4.4.1. Comparing years

We first take a look at the distance between years:

by_year <- df %>% group_by(release_year_) %>%
                do(mean_words(., columns_lyrics))

plot_matrix(by_year, "Release year", sort=FALSE)
Distance among the average song accross years

Distance among the average song accross years

We see that for any given year, the more we move (either to following or previous years) the distance increases. We can see that the greatest distance is between the latest data (2000s) and the earliest data (1920s).

4.4.2. Comparing genres

We have 1853 different genres in the data, so in order to visualize better we filtered by the most popular genres defined as the ones with more than 80 songs.

# get only genres that have more than 80 songs
genre_ <- table(df$genre_)
top_genres <- names(genre_[genre_ > 80])

top_genres
##  [1] "Bachata"            "Children's Music"   "Christmas"         
##  [4] "Classical"          "Comedy"             "Country"           
##  [7] "Dance"              "Drum & Bass"        "Easy Listening"    
## [10] "Electronic"         "Electronica/Dance"  "Finnish Metal"     
## [13] "Flamenco"           "Folk"               "gospel"            
## [16] "Gospel & Religious" "Hardcore"           "Hip-Hop"           
## [19] "House"              "Jazz"               "Latin"             
## [22] "Lo-Fi"              "Metal:Death"        "MPB"               
## [25] "New Age"            "Other"              "Pop"               
## [28] "R&B"                "Reggae"             "Reggaeton"         
## [31] "Rock"               "Samba"              "Soundtrack"        
## [34] "Techno"             "Trance"             "Unclassifiable"    
## [37] "Viking Metal"       "World"
by_genre <- df %>% filter(genre_ %in% top_genres) %>% group_by(genre_) %>%
                do(mean_words(., columns_lyrics))

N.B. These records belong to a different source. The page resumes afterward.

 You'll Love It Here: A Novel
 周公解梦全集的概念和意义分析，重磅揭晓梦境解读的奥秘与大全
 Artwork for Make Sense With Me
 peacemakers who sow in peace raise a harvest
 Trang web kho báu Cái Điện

plot_matrix(by_genre, 'Song genre')
Distance among average songs accross top genres

Distance among average songs accross top genres

We see that some rows are very different to the rest: Samba, Reggaeton, MPB (Musica popular brasileira), Latin, Flamenco and Bachata. Most songs from these songs are in either Spanish or Portuguese, so it makes sense that they make use of different words.

We not filter by songs only in Spanish.

by_genre_es <- df %>% filter(genre_ %in% top_genres, language_ == 'es') %>%
                    group_by(genre_) %>% do(mean_words(., columns_lyrics))

plot_matrix(by_genre_es, 'Song genre (only songs in Spanish)', groups=2)
Distance among average songs across top genres (Spanish)

Distance among average songs across top genres (Spanish)

This plot is more informative, we see that Trance, House, Drum & Bass, Children’s Music and World songs in Spanish are the genres that are most different to the rest.

We now take a look at music in English.

by_genre_en <- df %>% filter(genre_ %in% top_genres, language_ == 'en') %>%
                    group_by(genre_) %>% do(mean_words(., columns_lyrics))

plot_matrix(by_genre_en, 'Song genre (only songs in English)', groups=2)
Distance among average songs across top genres (English)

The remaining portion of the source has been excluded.